------ Given information
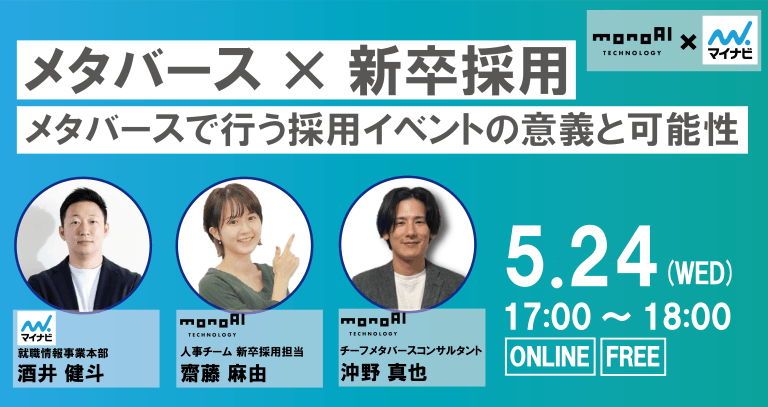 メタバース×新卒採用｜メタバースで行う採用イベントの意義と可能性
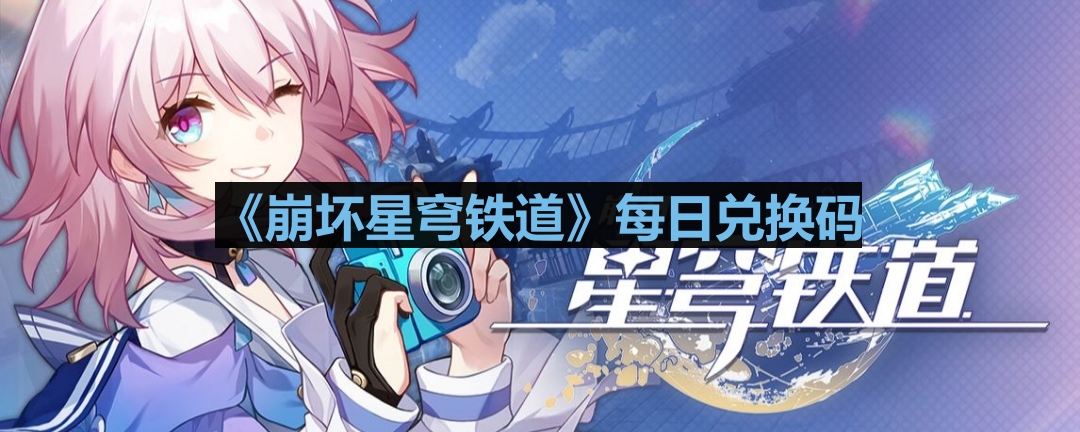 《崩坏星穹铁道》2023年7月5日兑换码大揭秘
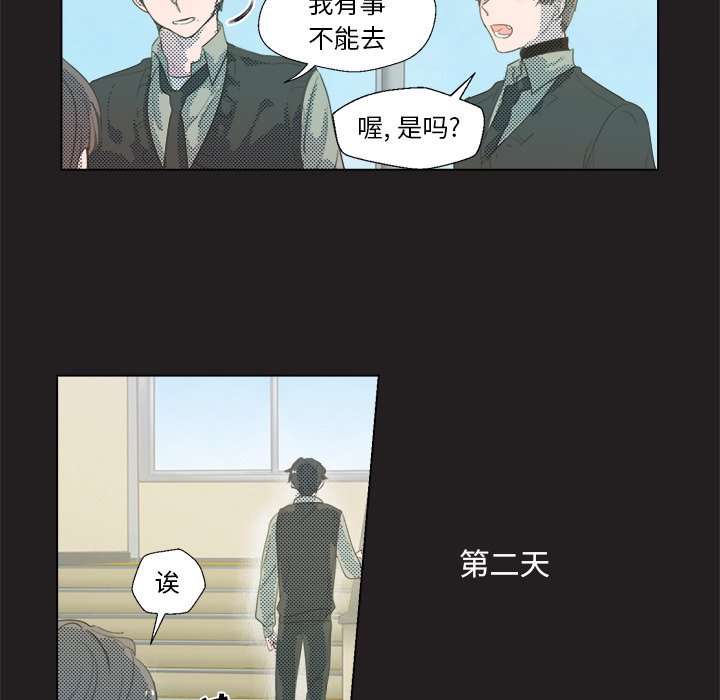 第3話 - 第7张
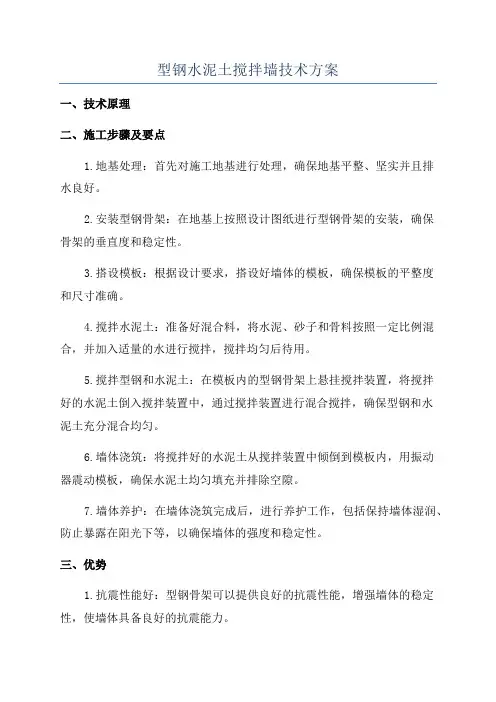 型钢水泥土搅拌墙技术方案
------------
------ Given information
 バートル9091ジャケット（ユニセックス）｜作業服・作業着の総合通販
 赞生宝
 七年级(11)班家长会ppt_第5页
------------
------ Given information
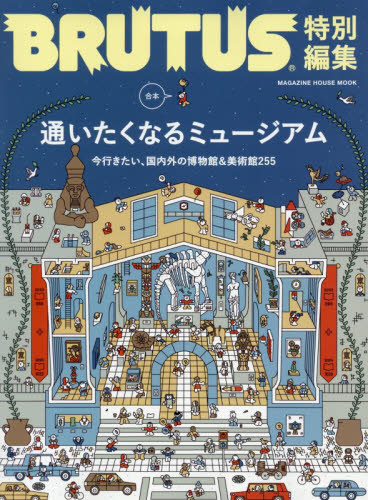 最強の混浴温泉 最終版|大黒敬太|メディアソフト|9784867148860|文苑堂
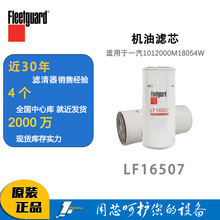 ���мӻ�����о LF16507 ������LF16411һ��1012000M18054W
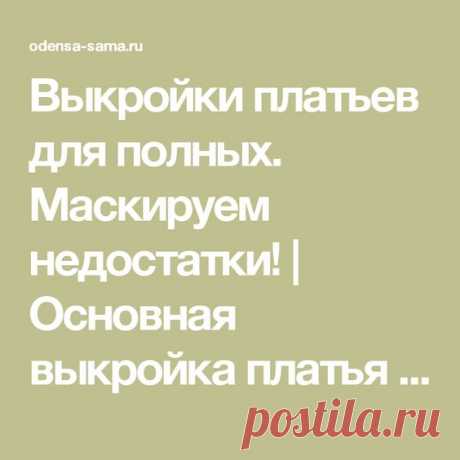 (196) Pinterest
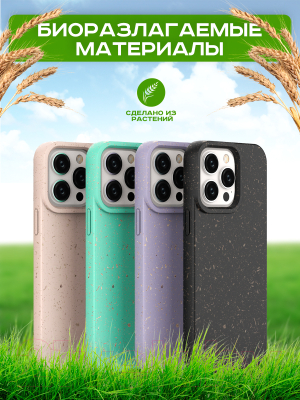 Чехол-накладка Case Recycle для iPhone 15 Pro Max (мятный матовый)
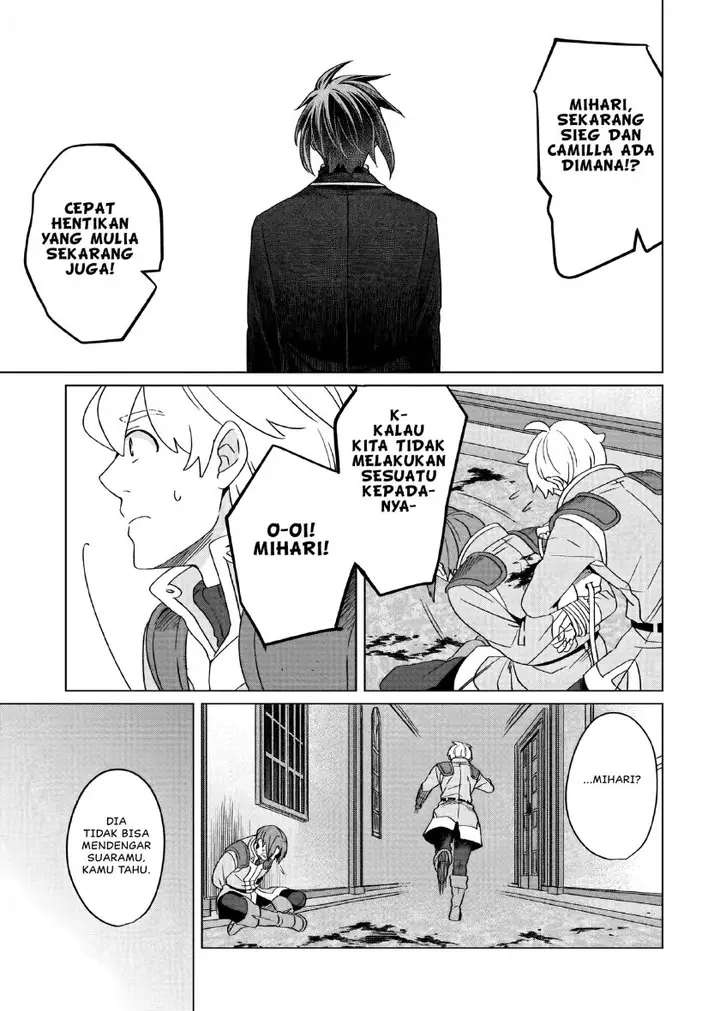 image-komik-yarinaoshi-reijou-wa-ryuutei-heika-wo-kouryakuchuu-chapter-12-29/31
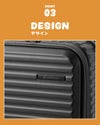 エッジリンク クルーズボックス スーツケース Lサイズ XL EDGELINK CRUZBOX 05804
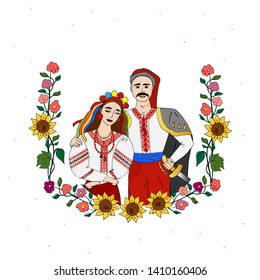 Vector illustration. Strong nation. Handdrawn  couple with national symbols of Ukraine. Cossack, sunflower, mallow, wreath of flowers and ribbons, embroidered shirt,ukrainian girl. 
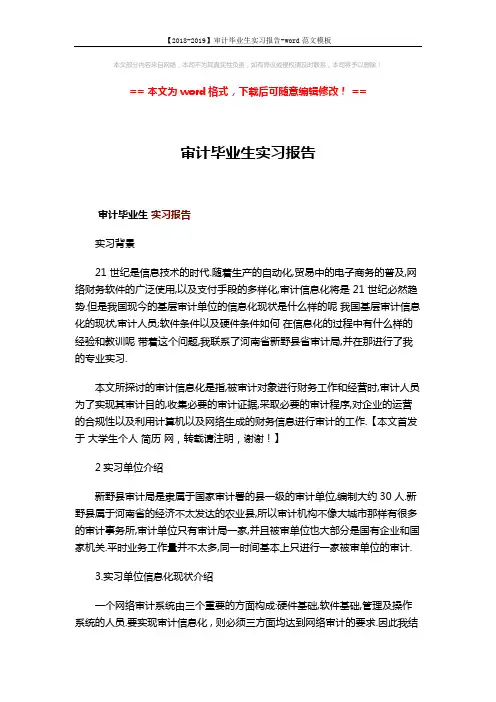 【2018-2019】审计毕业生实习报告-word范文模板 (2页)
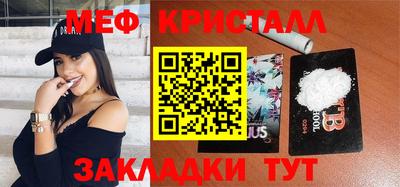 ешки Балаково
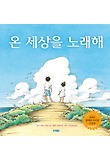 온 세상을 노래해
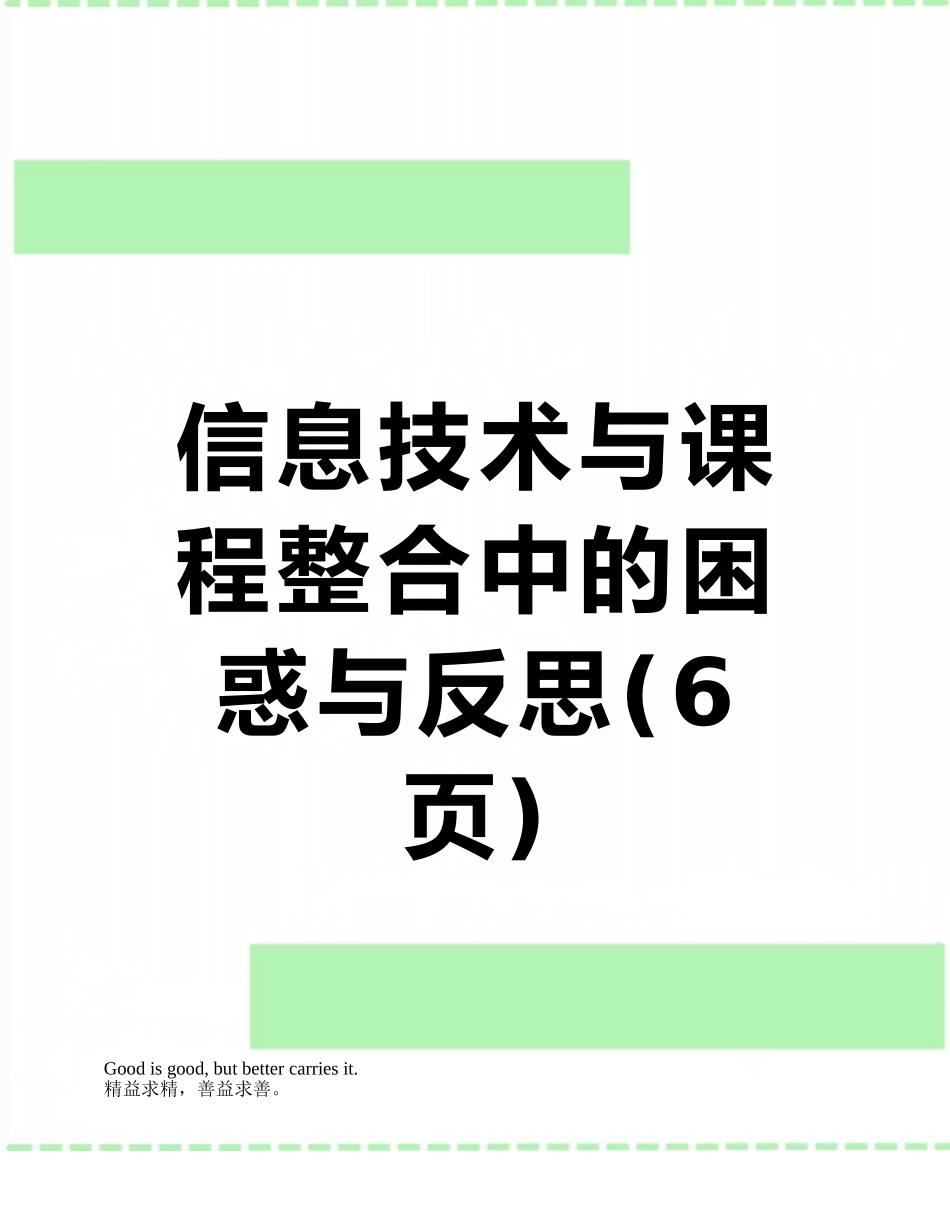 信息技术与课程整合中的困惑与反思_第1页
------------
Respond with the exact lines above running from the one containing "メタバース×新卒採用｜メタバースで行う採用イベントの意義と可能性" to the one containing "型钢水泥土搅拌墙技术方案", both ends kept and no pictures included.

 メタバース×新卒採用｜メタバースで行う採用イベントの意義と可能性
 《崩坏星穹铁道》2023年7月5日兑换码大揭秘
 第3話 - 第7张
 型钢水泥土搅拌墙技术方案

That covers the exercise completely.